Task goal: Within the entries below, find the portion that opens with the line containing "Диск 26 мм." and closes with the line containing "slika 4 Manitou". Retype that portion exactly and only.

Material for this task:

● ● ● ● ●

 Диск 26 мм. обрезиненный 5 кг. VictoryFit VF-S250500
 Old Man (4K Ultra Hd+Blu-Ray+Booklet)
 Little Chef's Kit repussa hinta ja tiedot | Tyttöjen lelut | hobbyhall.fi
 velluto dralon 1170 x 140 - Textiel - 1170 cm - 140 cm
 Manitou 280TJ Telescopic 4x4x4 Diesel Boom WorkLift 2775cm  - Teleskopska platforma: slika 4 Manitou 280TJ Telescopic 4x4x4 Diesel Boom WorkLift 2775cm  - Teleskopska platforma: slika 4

● ● ● ● ●

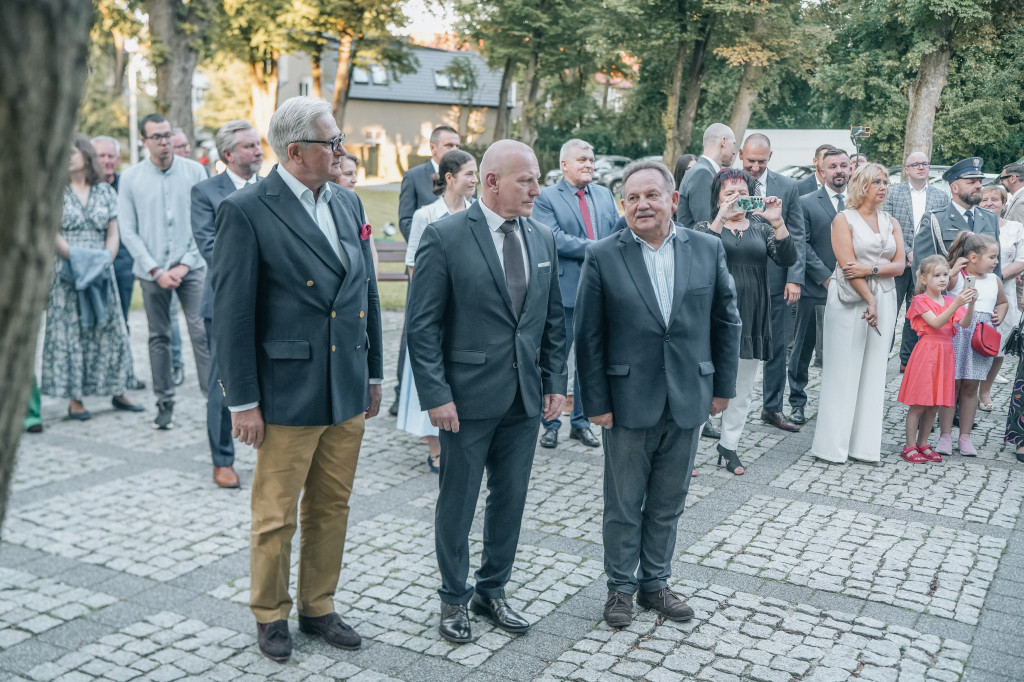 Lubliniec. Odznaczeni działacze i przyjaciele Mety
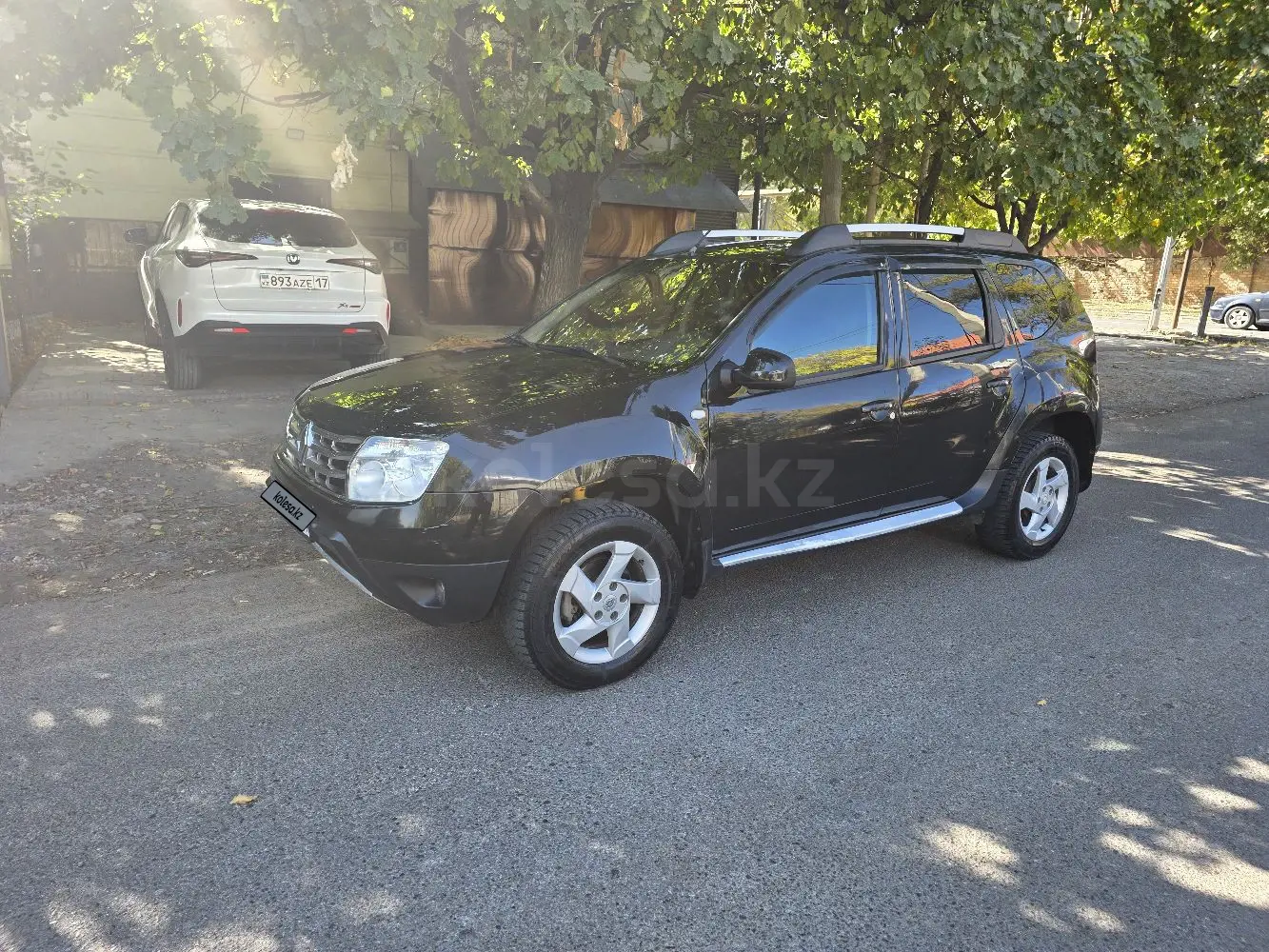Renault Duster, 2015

● ● ● ● ●

Exercise response:
 Диск 26 мм. обрезиненный 5 кг. VictoryFit VF-S250500
 Old Man (4K Ultra Hd+Blu-Ray+Booklet)
 Little Chef's Kit repussa hinta ja tiedot | Tyttöjen lelut | hobbyhall.fi
 velluto dralon 1170 x 140 - Textiel - 1170 cm - 140 cm
 Manitou 280TJ Telescopic 4x4x4 Diesel Boom WorkLift 2775cm  - Teleskopska platforma: slika 4 Manitou 280TJ Telescopic 4x4x4 Diesel Boom WorkLift 2775cm  - Teleskopska platforma: slika 4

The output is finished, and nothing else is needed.